Ah, now you're trying to tell a *story,* or at least communicate an idea more involved than "Pretty girl in bed." (Not that that story isn't a classic.) For that we need more visual cues. An empty space can be an invitation, a challenge, a warning, or just an oversight. (If it's my picture, bet on #4.)
Have a look at this:
Now, this image has problems, but I think it's right on topic for this concept. Here we have some empty seat space next to the model. This keeps her from being centered, which is why I was shooting from this angle, but her hand placed on the couch beside her, and her inquisitive look, communicates to the viewer. (At least if I'm the viewer, it does. Your mileage may vary.) "Would you like to sit down?" is the idea I get. ("Yes, yes I would," is the appropriate answer.)
To make the idea even more explicit, I should have moved the frame even more to camera right and showed the entire "landing area" where the hypothetical viewer would sit, and the model could have used a bit more implication in her expression, perhaps a faint but welcoming smile.

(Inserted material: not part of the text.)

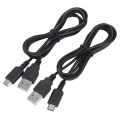10-Pack USB Charging Cord for 3DS, NDSL, NDSi & DS Lite - 1.2m Black Power Cable Wire.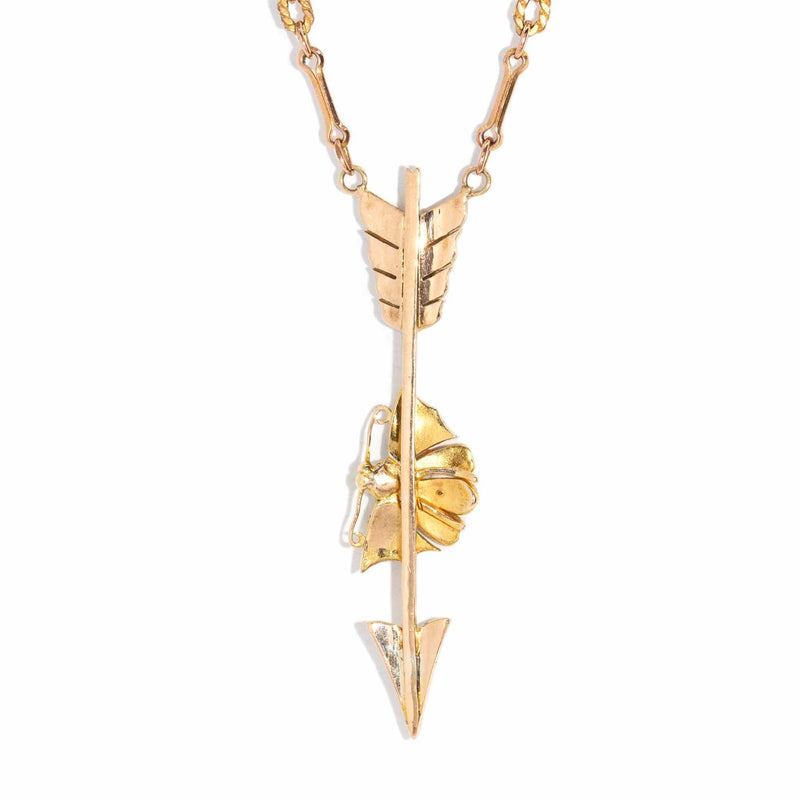 Trina Reinvented 1960s Seed Pearl Pendant 14ct & 9ct Gold Chain* DRAFT Pendants/Necklaces Imperial Jewellery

Once you start doing concepts like this, the model becomes an actress and the photographer a director, shooting a movie that's 1/100th of a second long. That's not a lot of time to get an idea across, so you have to communicate it strongly. Not that you can't be subtle - an unsubtle way to do this would have been to have had the model "patting" the seat and crooking a finger on her other hand in the classic "come here" gesture, perhaps even with an exaggerated wink. But if you have a clear idea to communicate, you must communicate it clearly. (Ambiguity is in the advanced class.)